Though less a problem now than ever before, discrimination is a part of modern day life.

“The pain of discrimination is still felt in America,” Obama said. “By African American women paid less for doing the same work as colleagues of a different color and gender. By Latinos made to feel unwelcome in their own country. By Muslim Americans viewed with suspicion for simply kneeling down to pray. By our gay brothers and sisters, still taunted, still attacked, still denied their rights.”

Some of the solution lies in government. Obama has emphasized reforms in health care and education to level the playing field. He has also focused on affordable housing and creating new jobs in a more environmentally friendly economy.

Most important, Obama urged African Americans to get back to basics.

“Government programs alone won’t get our children to the promised land,” he said. “We need a new mindset, a new set of attitudes — because one of the most durable and destructive legacies of discrimination is the way that we have internalized a sense of limitation; how so many in our community have come to expect so little of ourselves.
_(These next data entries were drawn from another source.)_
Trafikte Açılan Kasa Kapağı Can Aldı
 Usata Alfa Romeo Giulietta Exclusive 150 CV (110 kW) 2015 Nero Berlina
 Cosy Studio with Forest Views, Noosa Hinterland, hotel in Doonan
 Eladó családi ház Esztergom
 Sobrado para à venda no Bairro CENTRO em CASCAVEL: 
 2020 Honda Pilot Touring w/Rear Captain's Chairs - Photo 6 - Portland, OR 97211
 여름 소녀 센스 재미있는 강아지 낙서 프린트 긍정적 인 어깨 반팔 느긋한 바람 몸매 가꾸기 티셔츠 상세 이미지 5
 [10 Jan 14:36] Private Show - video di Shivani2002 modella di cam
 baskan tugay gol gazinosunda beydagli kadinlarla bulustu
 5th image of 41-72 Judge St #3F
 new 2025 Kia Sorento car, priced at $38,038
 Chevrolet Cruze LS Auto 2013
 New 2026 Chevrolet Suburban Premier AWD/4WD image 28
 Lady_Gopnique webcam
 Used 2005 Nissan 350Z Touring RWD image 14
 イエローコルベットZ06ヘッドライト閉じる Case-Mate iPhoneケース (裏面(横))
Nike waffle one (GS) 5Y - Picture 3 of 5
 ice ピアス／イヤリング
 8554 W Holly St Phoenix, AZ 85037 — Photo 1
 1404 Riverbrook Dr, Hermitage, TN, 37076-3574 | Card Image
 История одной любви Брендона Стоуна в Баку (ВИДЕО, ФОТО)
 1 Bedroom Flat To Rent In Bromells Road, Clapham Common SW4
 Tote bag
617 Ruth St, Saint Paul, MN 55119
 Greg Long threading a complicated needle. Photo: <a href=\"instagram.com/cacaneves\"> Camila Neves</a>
“We have to say to our children, ‘Yes, if you’re African American, the odds of growing up amid crime and gangs are higher,’” the president continued. “‘Yes, if you live in a poor neighborhood, you will face challenges that someone in a wealthy suburb does not. But that’s not a reason to get bad grades, that’s not a reason to cut class, that’s not a reason to give up on your education and drop out of school. No one has written your destiny for you. Your destiny is in your hands — and don’t you forget that.’”

Obama also called on parents and neighborhood leaders to reinstate the values of excellence, discipline and hard work throughout their families and within their neighborhoods.

“It also means pushing our kids to set their sights higher,” Obama said. “They might think they’ve got a pretty good jump shot or a pretty good flow, but our kids can’t all aspire to be the next LeBron [James] or Lil Wayne. I want them aspiring to be scientists and engineers, doctors and teachers, not just ballers and rappers. I want them aspiring to be a Supreme Court justice. I want them aspiring to be president of the United States.”

And that’s where the NAACP comes in.

“The NAACP was not founded in search of a handout,” Obama said. “The NAACP was not founded in search of favors. The NAACP was founded on a firm notion of justice; to cash the promissory note of America that says all our children, all God’s children, deserve a fair chance in the race of life.”